Assuming that the distributions of design modules are given (the distributions may be dependent), they must be translated to distributions of FPGA blocks. Let A, B and C be design modules and W, X, Y and Z be resources available in an FPGA. The RVs corresponding to modules and resources are denoted by their name with subscript rv. Design modules implementable by a resource type X can be described by either 1)  $X = S\{n_aA, n_bB, n_cC\}$  which means that one functional block of type X can implement  $n_a, n_b, n_c$  of module A, B, C, respectively, at the same time, or 2)  $X = E\{n_aA, n_bB, n_cC\}$  which means one block of type X can implement just one type of modules A, B, and C at a time with the quantity specified.

For a given FPGA, we can describe its resources using above descriptions.

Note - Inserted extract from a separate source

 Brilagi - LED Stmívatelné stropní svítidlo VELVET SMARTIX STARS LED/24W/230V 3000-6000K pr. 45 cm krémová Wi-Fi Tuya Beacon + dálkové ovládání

Although one module type can be mapped to several combinations of resources, mapping design module distributions to those of FPGAs' building blocks to minimize the required area can be performed using resource areas. As our objective is to minimize the FPGA area, once such map is obtained for each module type, it will be used throughout the paper.

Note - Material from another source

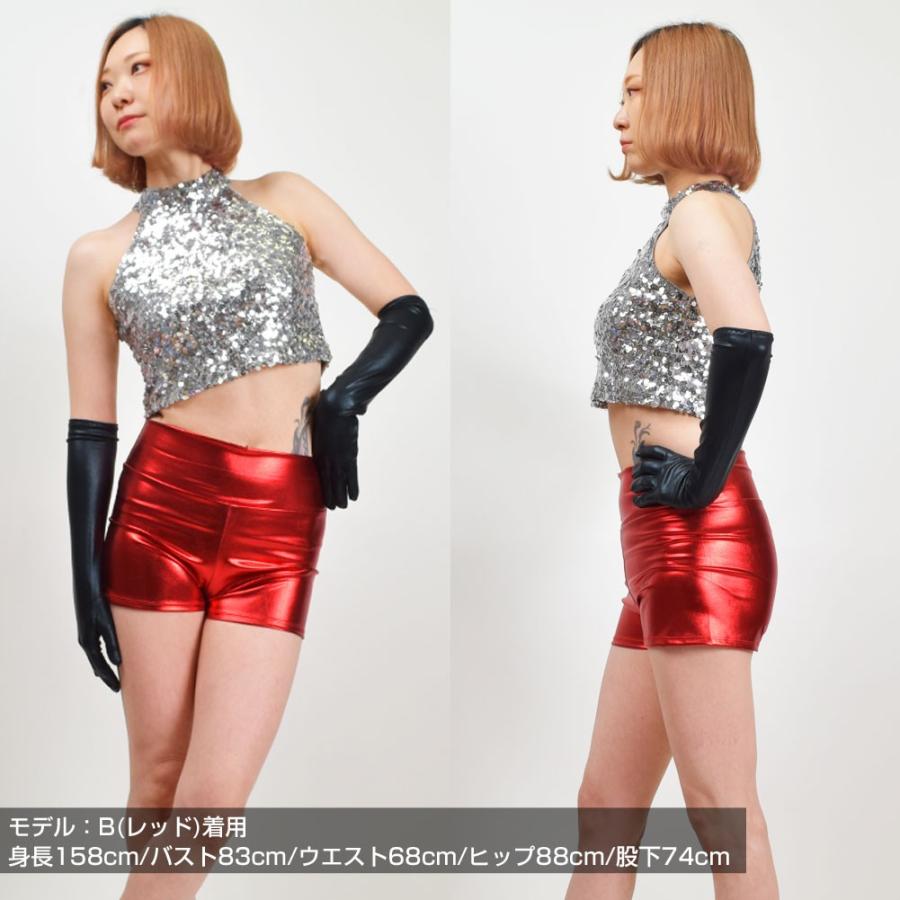 ヒップホップ衣装 ショートパンツ ホットパンツ メタリック ダンス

**Fig. 1.** Interactions between two types of resources. (See Section 2.2 for details)

**Fig. 2**. Effects of a finite-member FPGA family.

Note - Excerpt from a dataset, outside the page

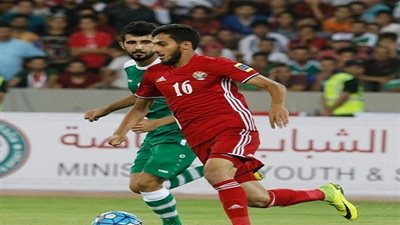 الأردن تتقدم على سوريا بهدف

### 2.2. Interactions between different types of resources

Some resource types are partially compatible, resulting in one being able to implement the other. Examples of resource usage interactions are shown in Figure 1 for two types of resources. Part (a) shows an example in which an FPGA has two types of resources: CLB4 and CLB8, each with 4 and 8 LUTs respectively. An FPGA having u resources of type CLB4 and v units of CLB8 can be shown as Point (u,v). A design requiring u-2 and v+1 resources can still fit on the FPGA because two CLB4 blocks can be combined to implement a CLB8. Thus, the interaction between these two resources is a line passing through (u,v) with the slope of -0.5 as shown in Figure 1(a). Any design that falls under the line can fit on the FPGA.

Now, assume that the resources are CLB and 4kRAM as shown in part (b) of the figure. If we move from (u,v) toward the y-axis, we use some 4kRAMs to implement CLBs. If we move toward the x-axis, some CLBs are used to implement 4kRAMs. However, the efficiency of using CLBs to implement 4kRAMs is different from that of using 4kRAMs to implement CLBs. Thus, the two lines have different slopes as shown in the figure. If the resources are 18x18MULs and RAMs which cannot implement each other, designs have to use no more than u and v of RAMs and 18x18MULs respectively to be able to fit in the FPGA and the interaction is shown in Figure 1c).

The resources exhibit a relation in Figure 1(a) if the two resources can implement each other with the same silicon area efficiency, or Figure 1(b) for different efficiencies. If they cannot implement each other, we have Figure 1(c). In general, the interaction of one resource with others can be described by a hyperplane, one for each resource type, as follows.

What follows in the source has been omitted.